## Aim of the exercise
Copy exactly, beginning with the line holding "Anker Powerport 4" and ending with the final line of the data beneath this task; copy nothing else, and leave out every picture.
┌─ Exercise data
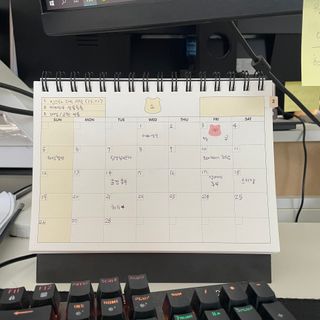 리훈 곰부 세우는 체크리스트 위클리 탁상 플래너 주간 일주일 계획표 — 5점을 준 리뷰어가 2023년 2월 올린 사용 사진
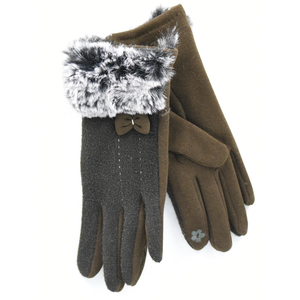 Gloves for women Verde 02-497 green 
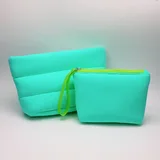 Quilted Neoprene Lipstick and Cosmetic Bag – view 6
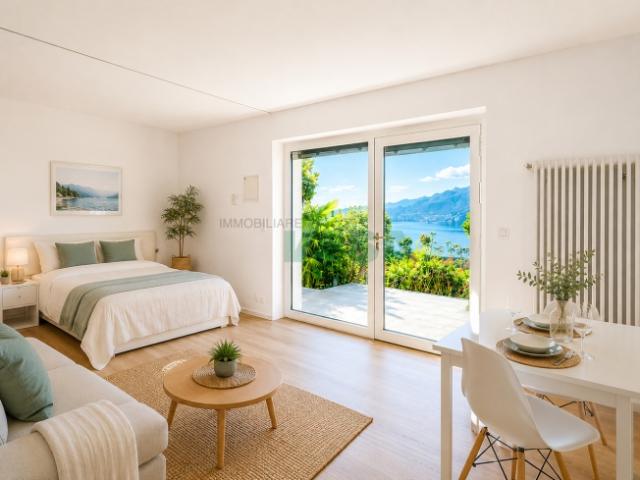 Hübsche Eimzimmerwohnung mit toller Seesicht und schöne Terrasse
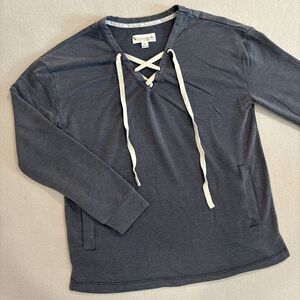 Koolaburra by UGG XSmall GRAY French Terry Lace Up OVERSIZED & So Soft EXCELLENT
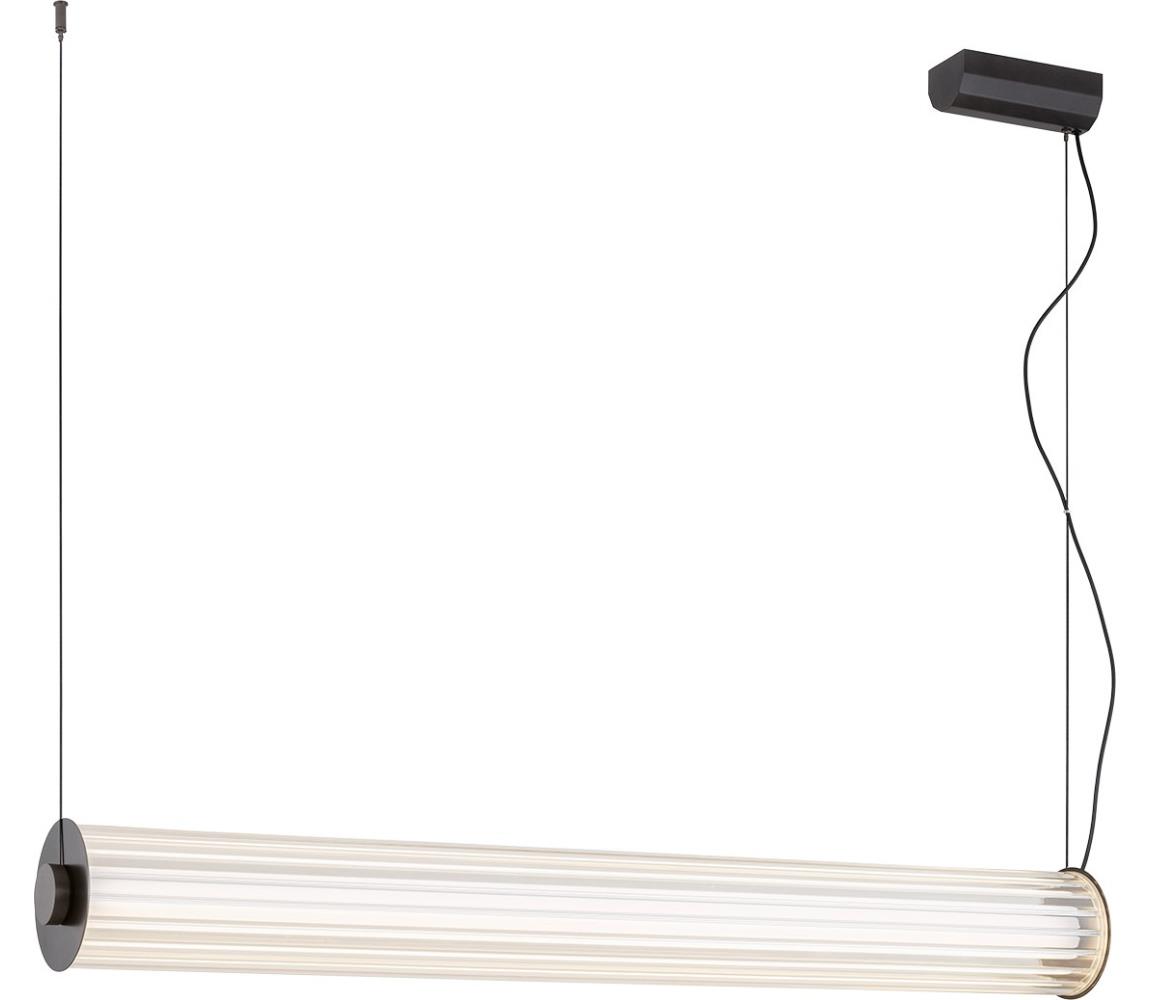 Argon 8628 - LED Żyrandol na lince HAMPTON LED/60W/230V 3000K 80 cm czarny
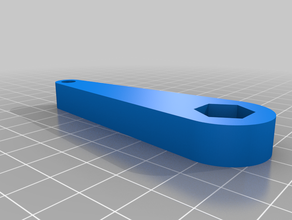 handkurbel manivelle m8 le bricolage handcrank kurbel 3d print model - Mito3D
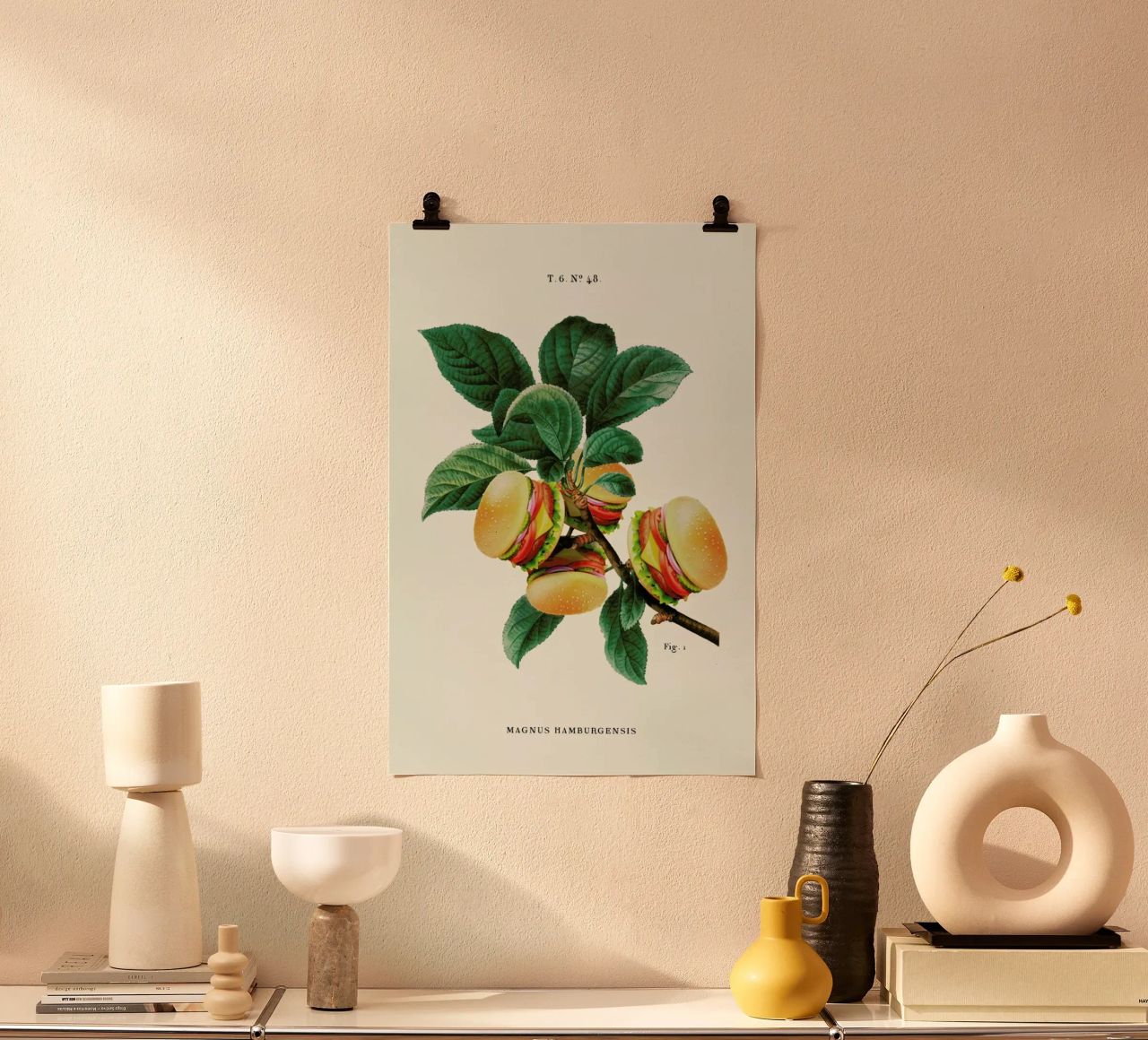 Burger Plant poster by Jonas Loose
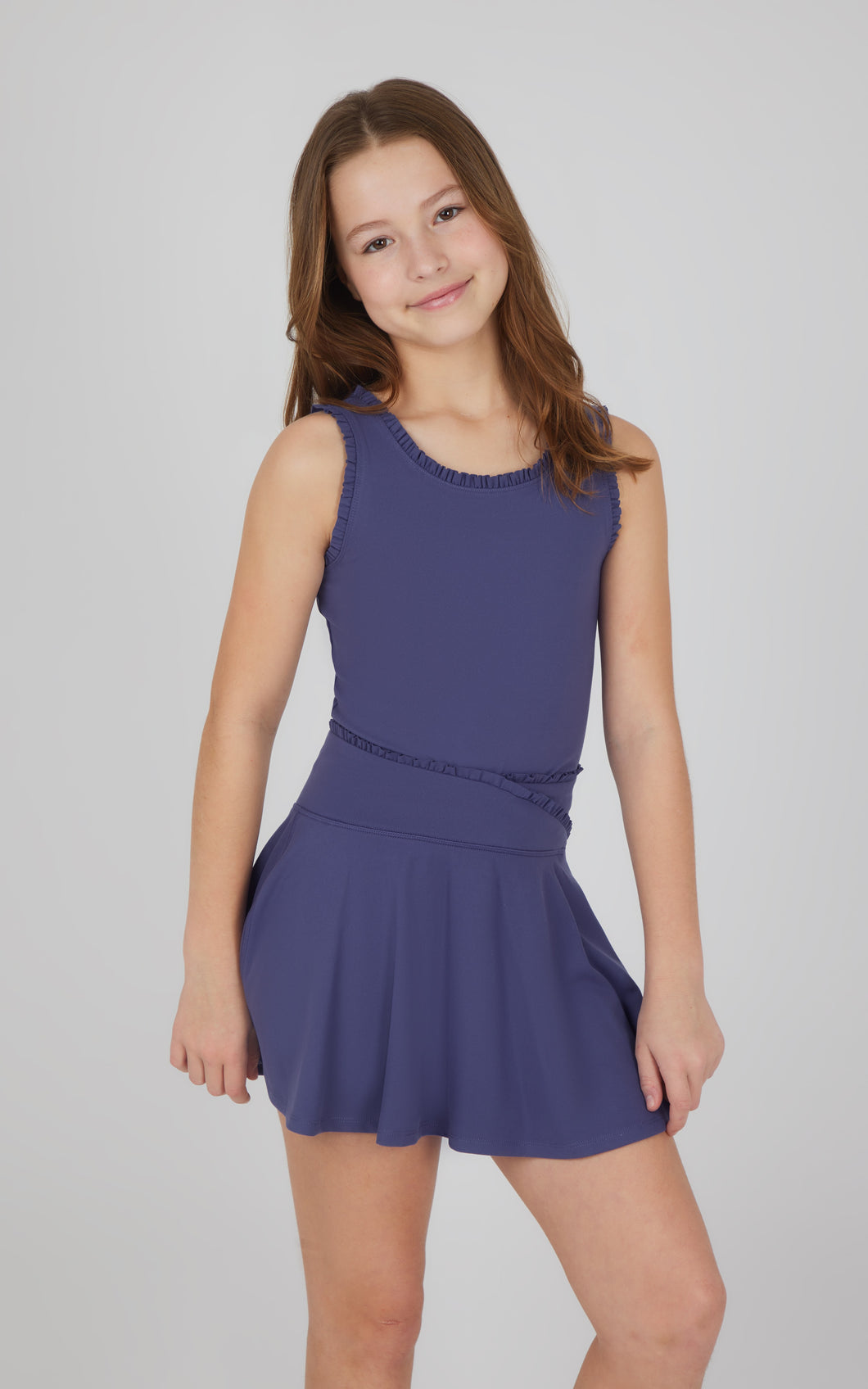CROSSOVER RUFFLE SET- SKIPPER BLUE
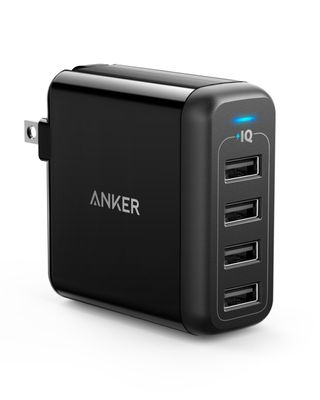Anker Powerport 4 Lite EU/ES/FR/ES + UK White In Offline Packaging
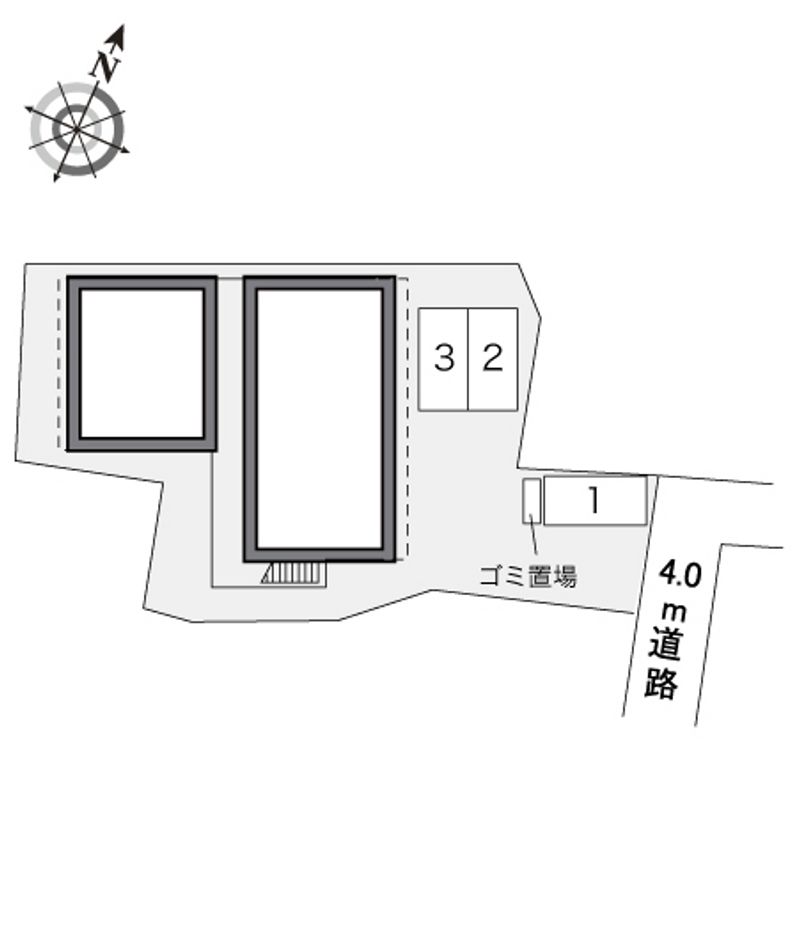 レオパレスヴィエント 配置図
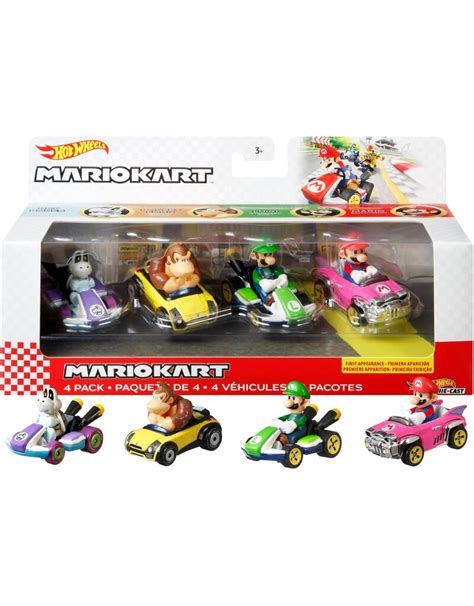 MTL GWB36 HOT WHEELS MARIOKART 4 PACK My Tobbies Toys Hobbies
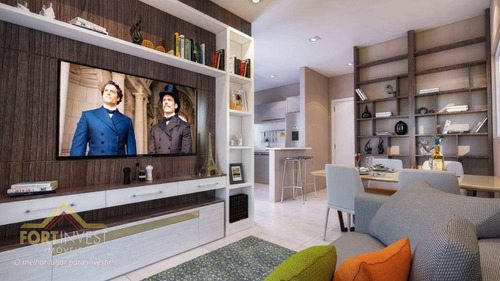 Imagem 6 de 9 de Apartamento Com 1 Dormitório À Venda, 40 M² - Vila Guilhermina - Praia Grande/sp - Ap2479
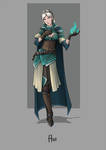 Ana - Moon Elf Sorceress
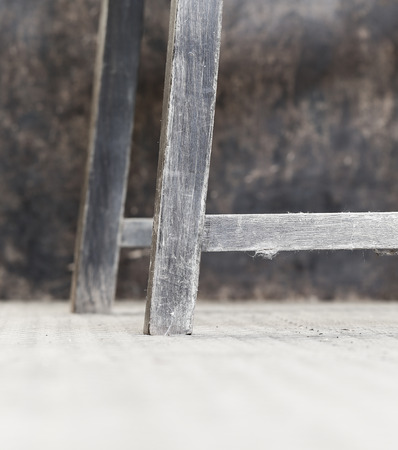 Traditional jacobean style old dusty weathered oak antique chair barley twist legsの写真素材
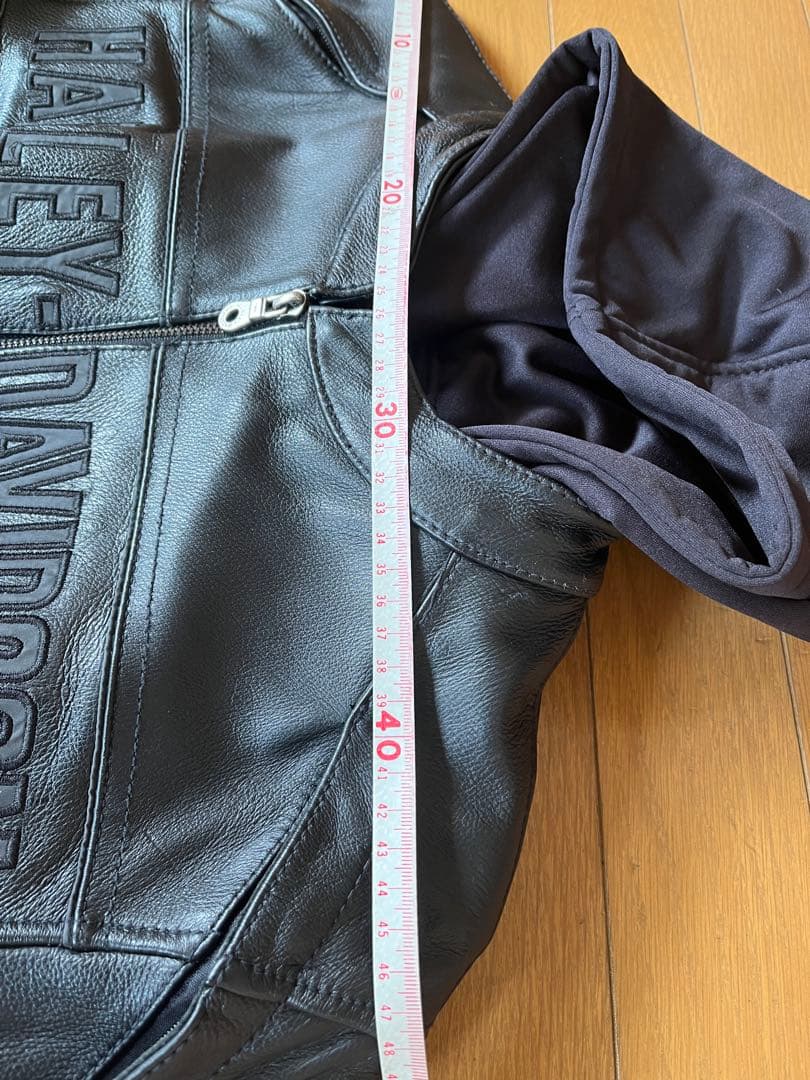【未使用】Harley-Davidson本革ライダースジャケット(インナー付属)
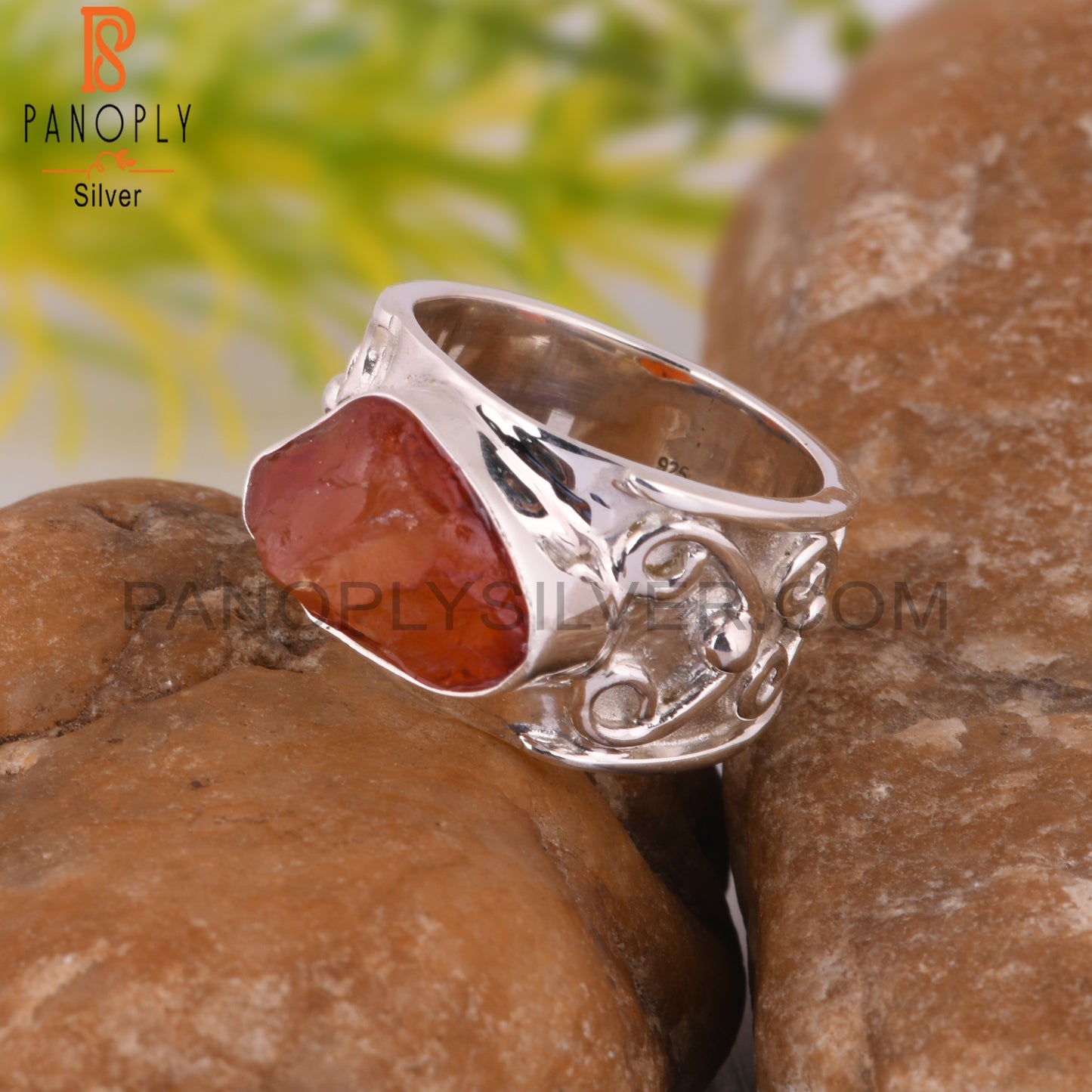 Carnelian Unique 925 Sterling Silver Ring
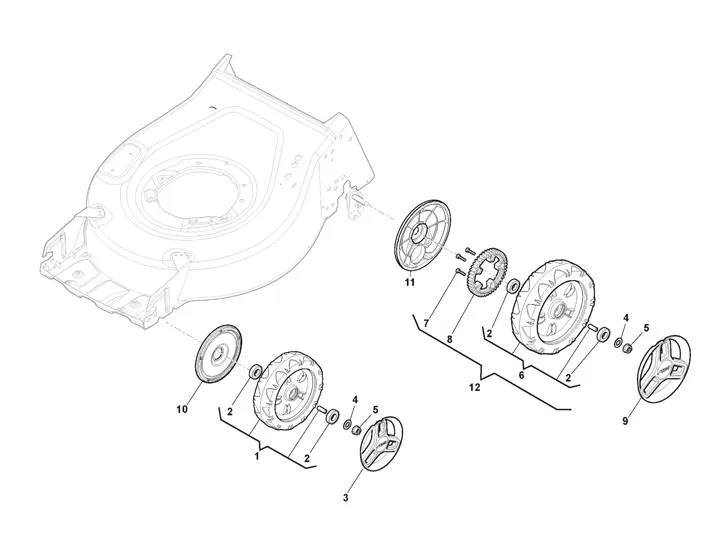 Stiga Combi 753SQAE 2L0537878/ST1 - Wheels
└─
## Response to this exercise
Anker Powerport 4 Lite EU/ES/FR/ES + UK White In Offline Packaging
 レオパレスヴィエント 配置図
 MTL GWB36 HOT WHEELS MARIOKART 4 PACK My Tobbies Toys Hobbies
 Imagem 6 de 9 de Apartamento Com 1 Dormitório À Venda, 40 M² - Vila Guilhermina - Praia Grande/sp - Ap2479
 Ana - Moon Elf Sorceress
 Traditional jacobean style old dusty weathered oak antique chair barley twist legsの写真素材
【未使用】Harley-Davidson本革ライダースジャケット(インナー付属)
 Carnelian Unique 925 Sterling Silver Ring
 Stiga Combi 753SQAE 2L0537878/ST1 - Wheels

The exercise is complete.